▶ _What you will do_
Nothing but the lines from the one containing "2017 Nissan Pathfinder SL" through the end of the data should be retyped, exactly as they stand, and pictures should not be retyped.

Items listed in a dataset

____________________

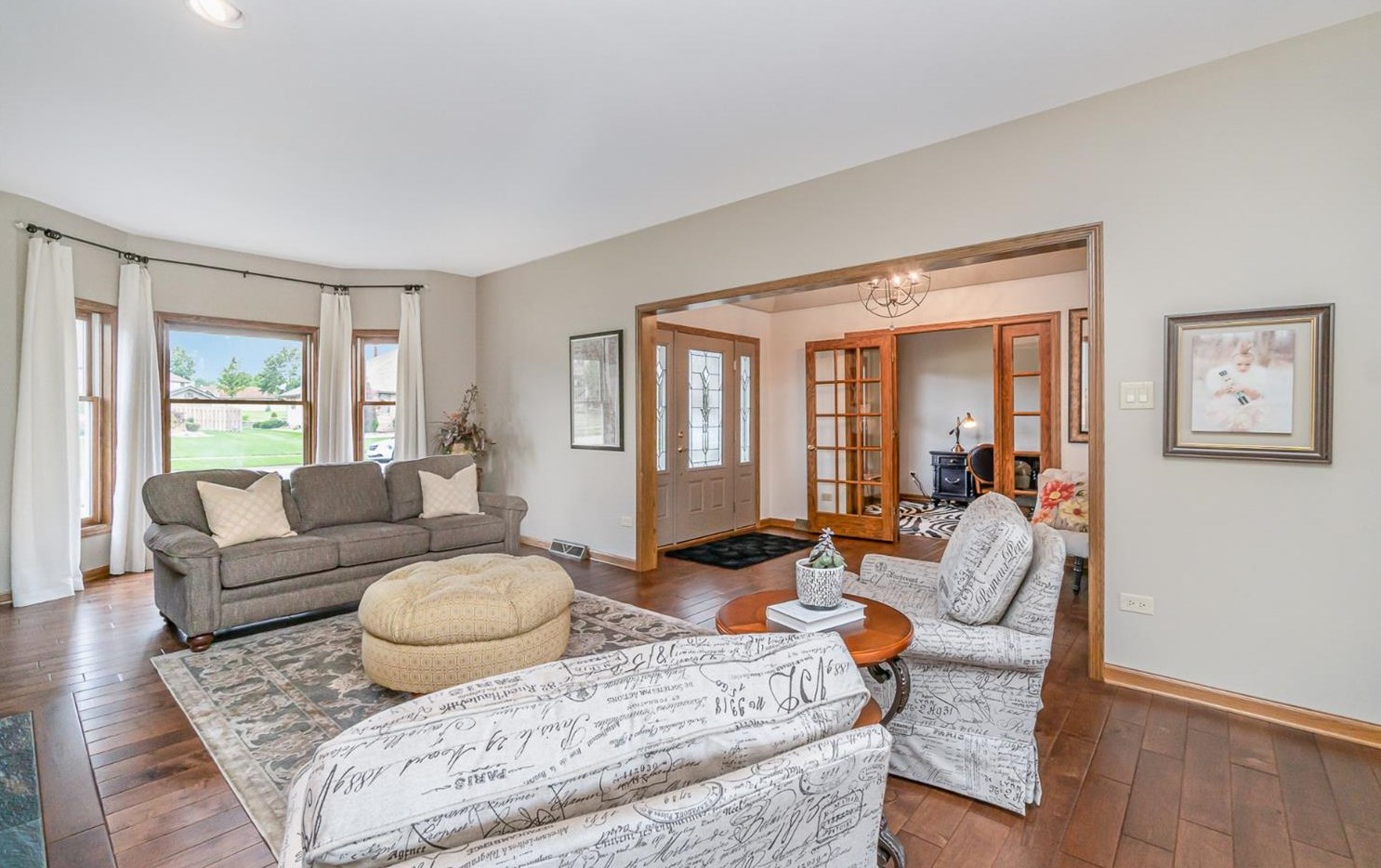 1341 Mccoy Dr, Schererville IN  46375-3031 exterior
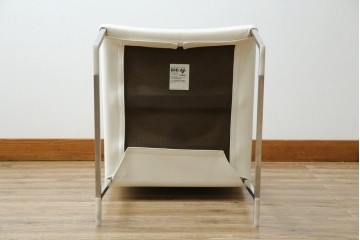 中古　B&B Italia(ビーアンドビー イタリア)　SEDIA SOLO(セディア ソロ)　Antonio Citterio(アントニオチッテリオ)　本革(レザー)　シンプルで無駄のないフォルムのダイニングチェア　定価約17万円相当　(R-082128)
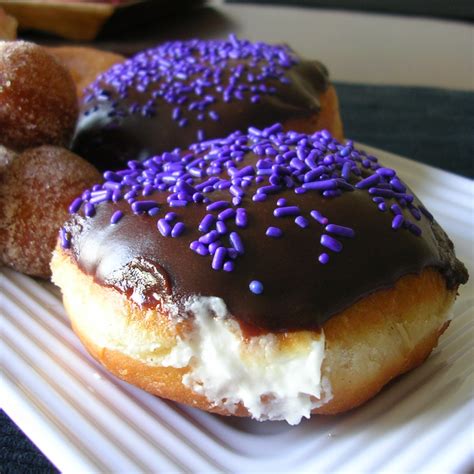 happy national cream filled donut day    rpics
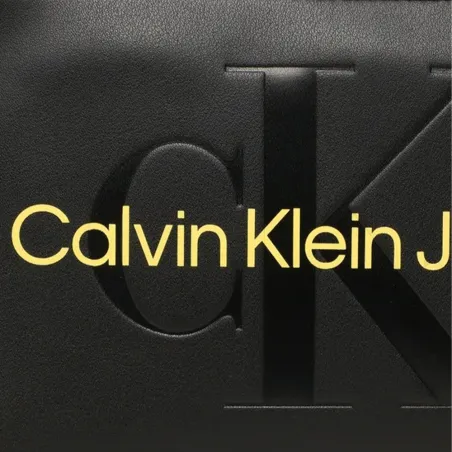 Produits victimes de leur succès Calvin Klein Noir SCULPTED CAMERA POUCH21 MONO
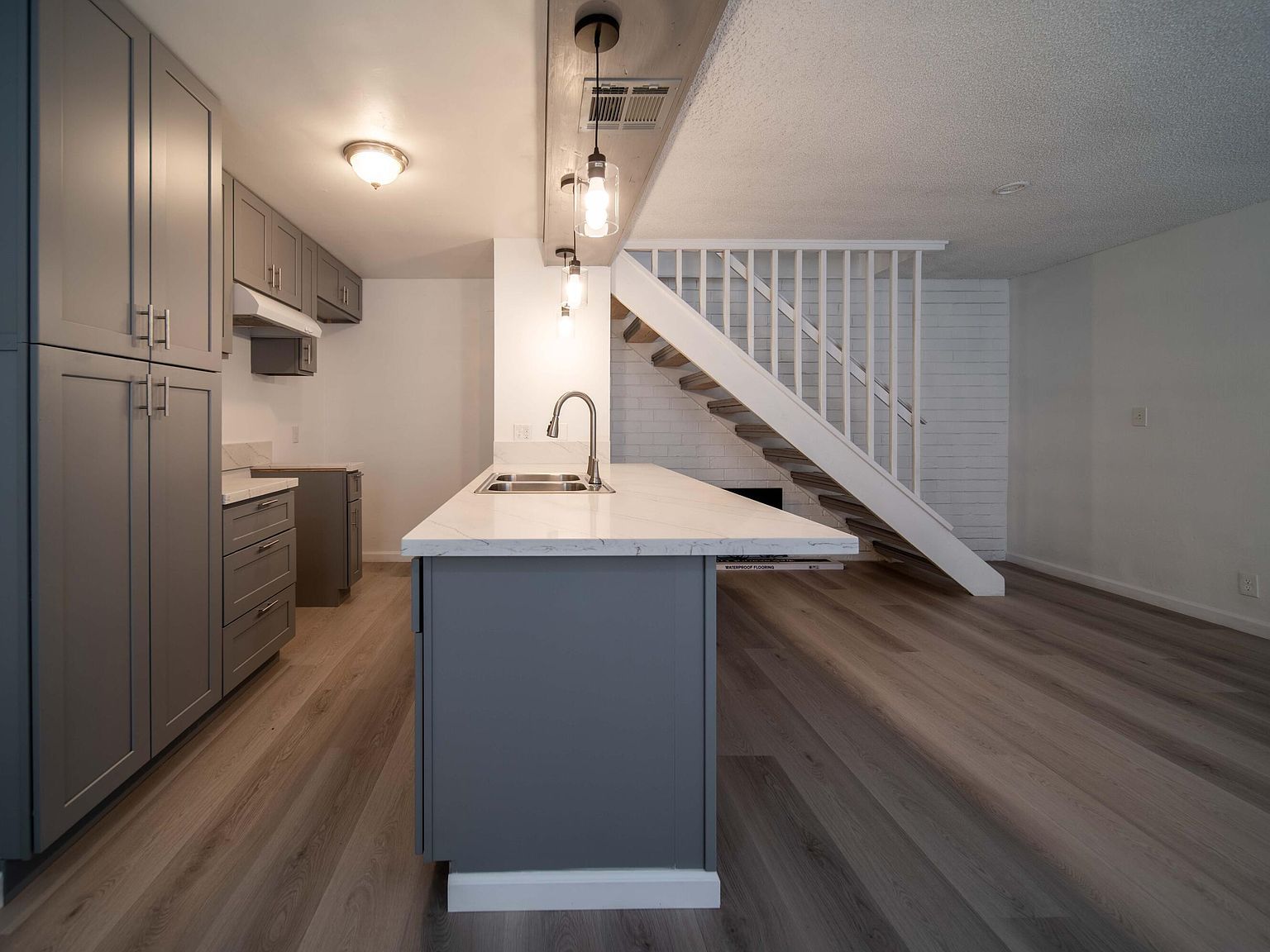 2585 W Fairmont Ave Fresno, CA 93705 - Thumbnail 2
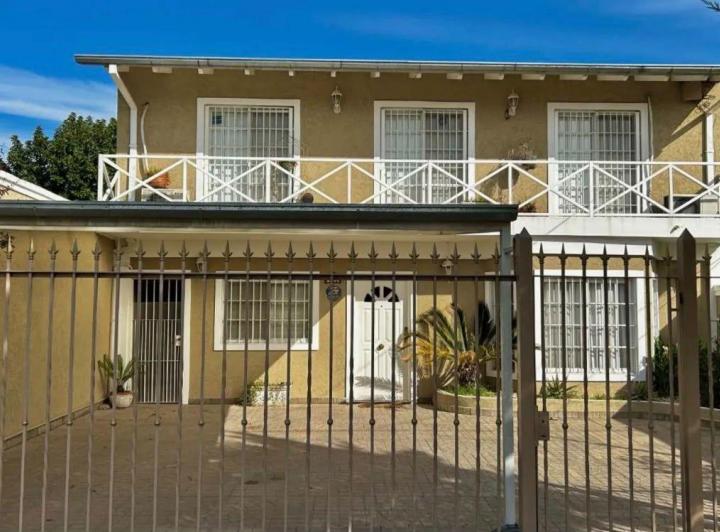 Casa · 186m² · 5 Ambientes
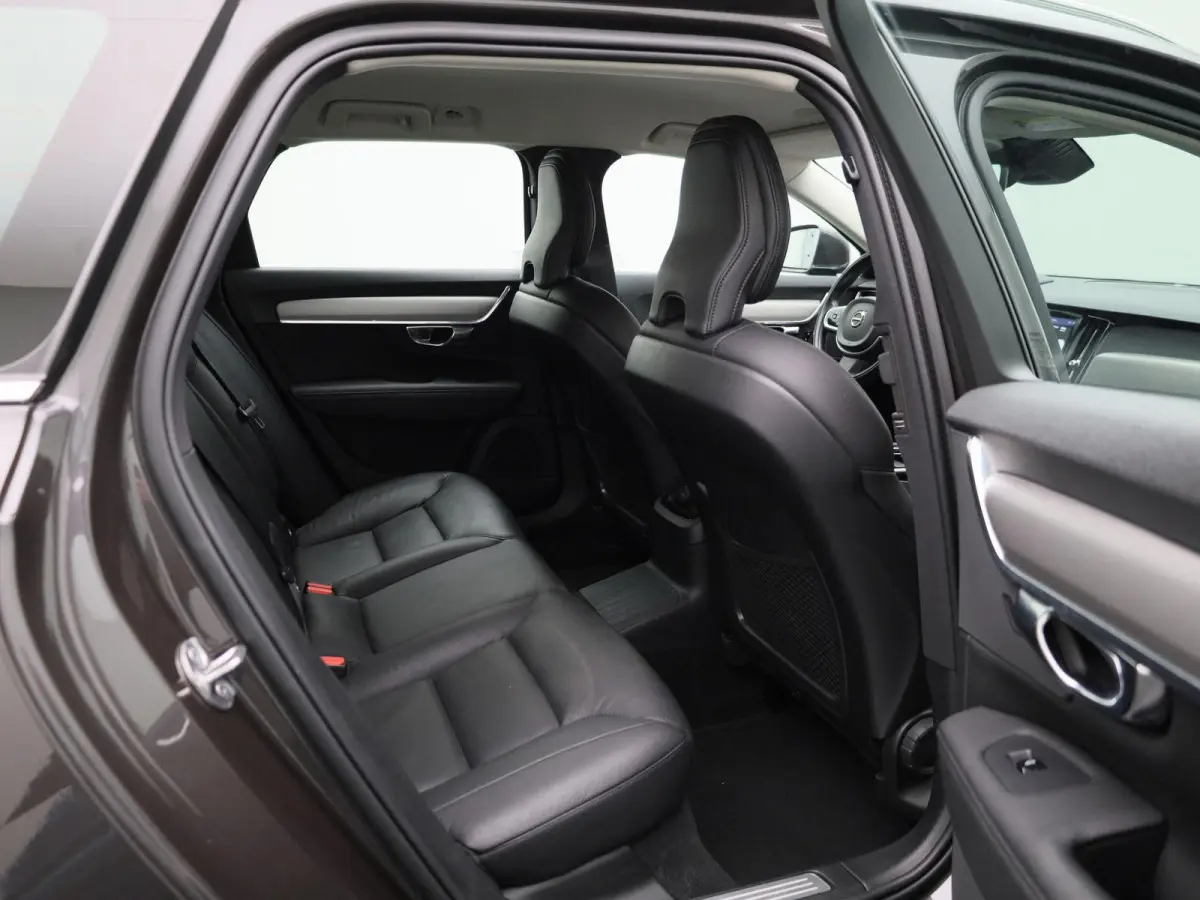 2.0 T6 AWD Inscription Expression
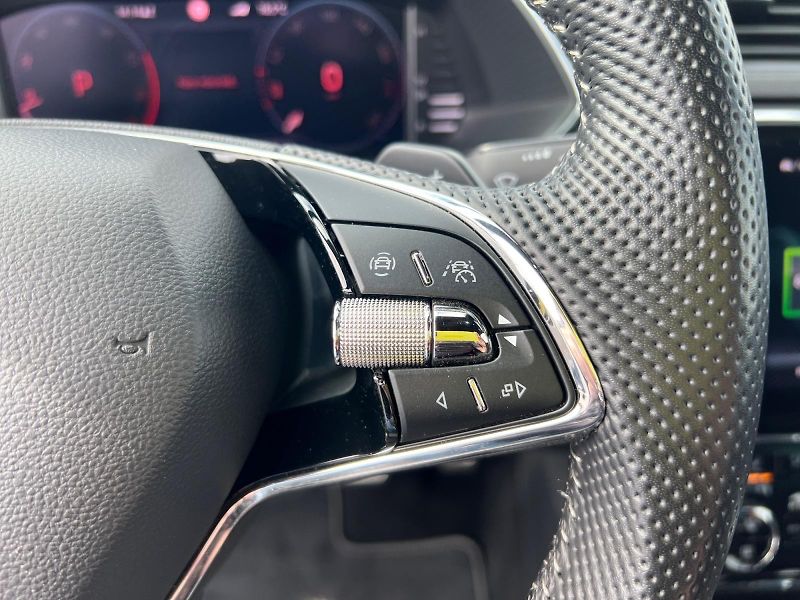 Škoda Superb (2022) SPORTLINE 2.0TSI 206kW 4x4 DPH - fotka 26 z 37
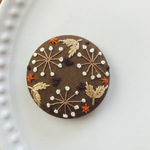 刺繍くるみボタン（ヘアゴム/ブローチ）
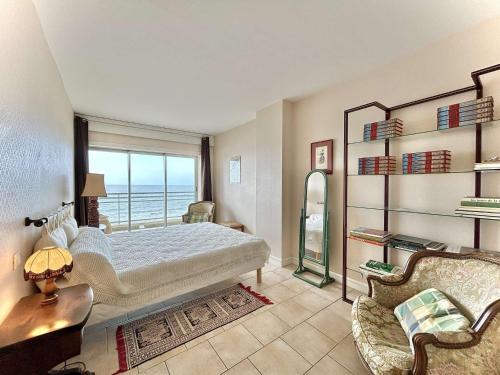 une chambre avec un lit et une vue sur l'océan dans l'établissement Appartement spacieux avec terrasse face mer - 2 pièces, 4 couchages à La Baule - FR-1-245-80, à La Baule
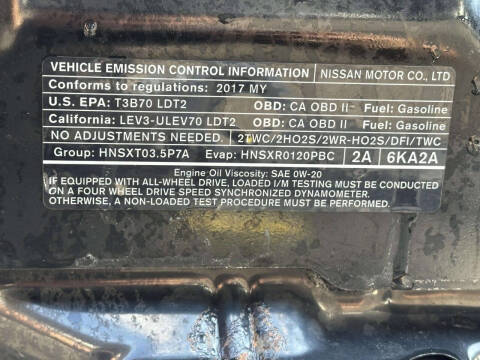 2017 Nissan Pathfinder SL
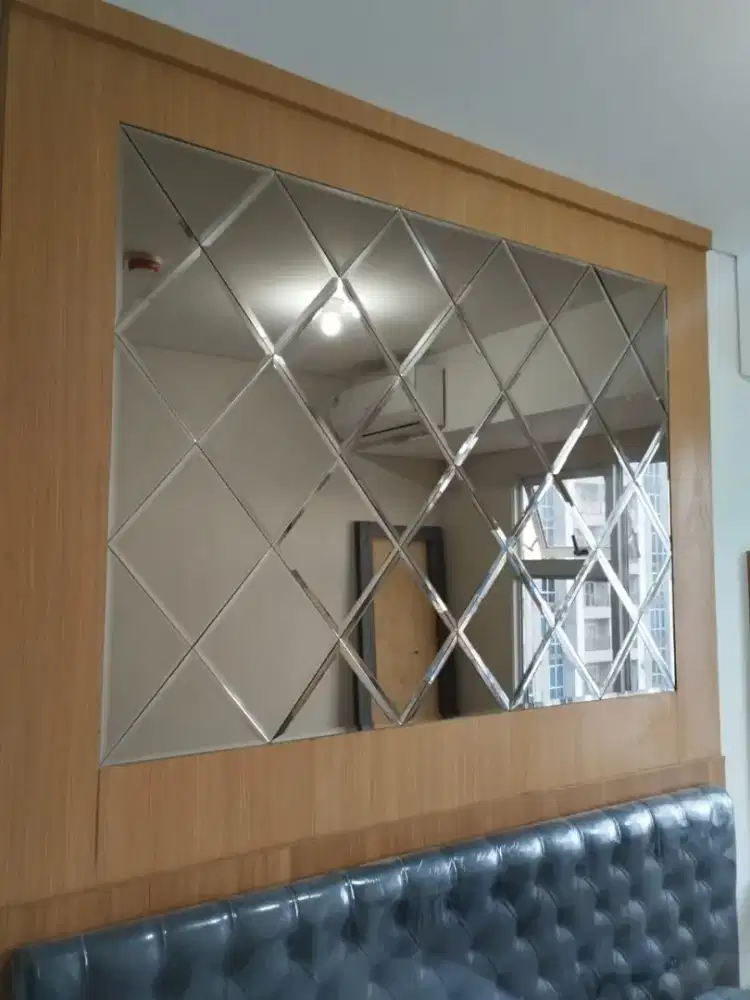 Backdrob kombinasi kaca bevel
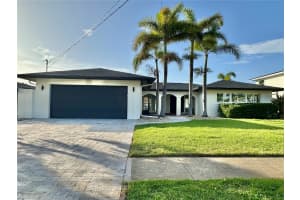 320 PALM ISLAND, CLEARWATER BEACH, FL 33767 - MLS#MFRTB8397206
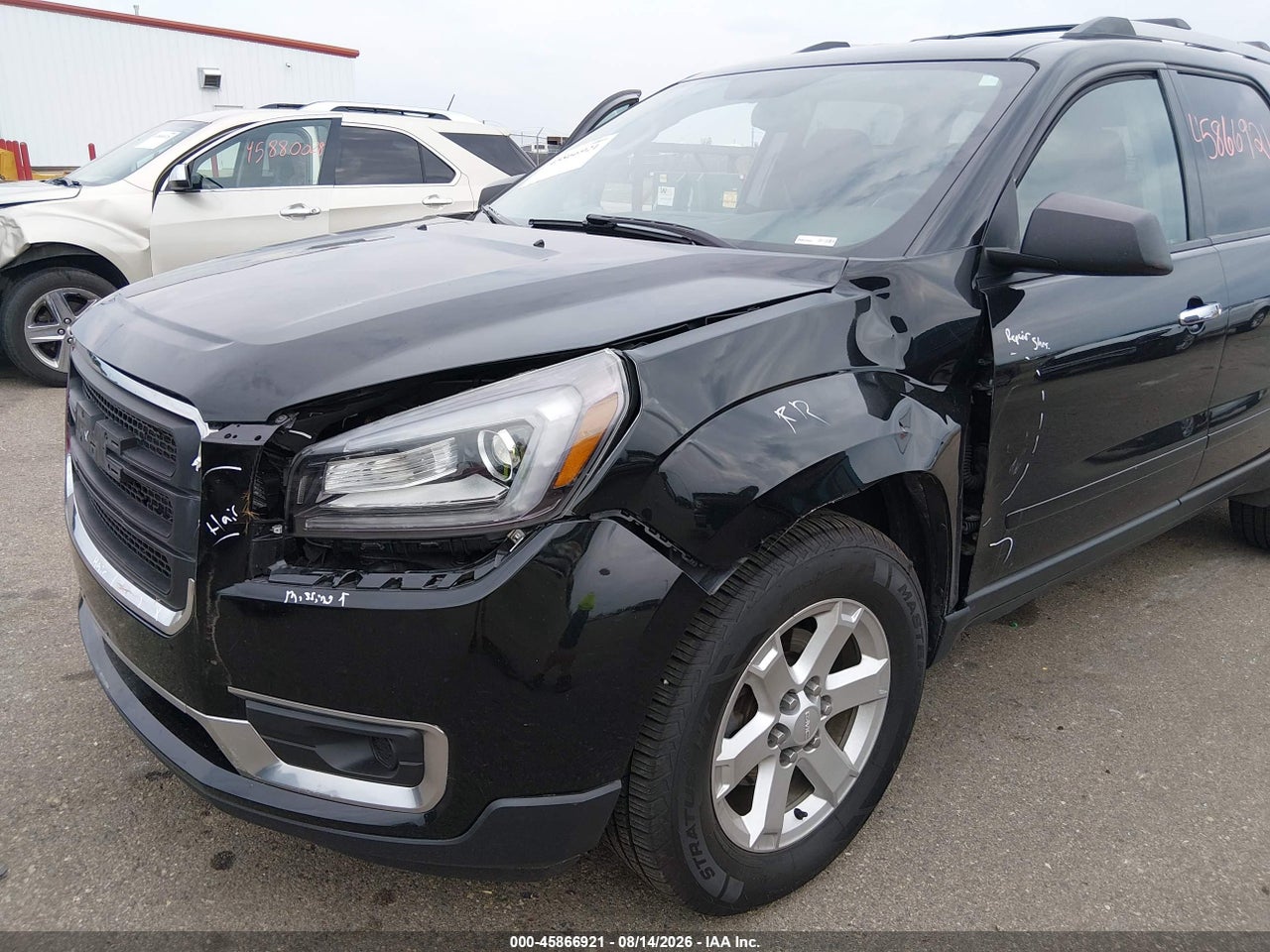 1GKKVPKD3GJ****** · 2016 GMC ACADIA SLE2 · 6/11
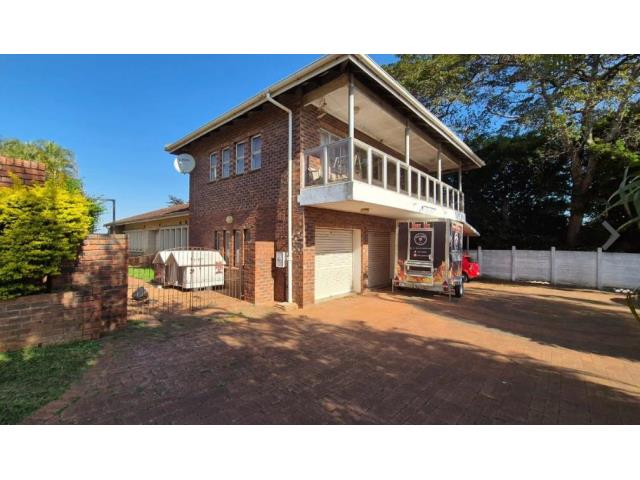 5 Bedroom House for sale in Kharwastan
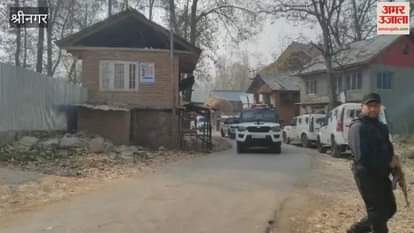 DGP Nalin Prabhat paid tribute to martyred photojournalist Javed Ahmad Rather at his residence in Hari Parigam, Tral.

____________________

▶ _Task output_
 2017 Nissan Pathfinder SL
 Backdrob kombinasi kaca bevel
 320 PALM ISLAND, CLEARWATER BEACH, FL 33767 - MLS#MFRTB8397206
 1GKKVPKD3GJ****** · 2016 GMC ACADIA SLE2 · 6/11
 5 Bedroom House for sale in Kharwastan
 DGP Nalin Prabhat paid tribute to martyred photojournalist Javed Ahmad Rather at his residence in Hari Parigam, Tral.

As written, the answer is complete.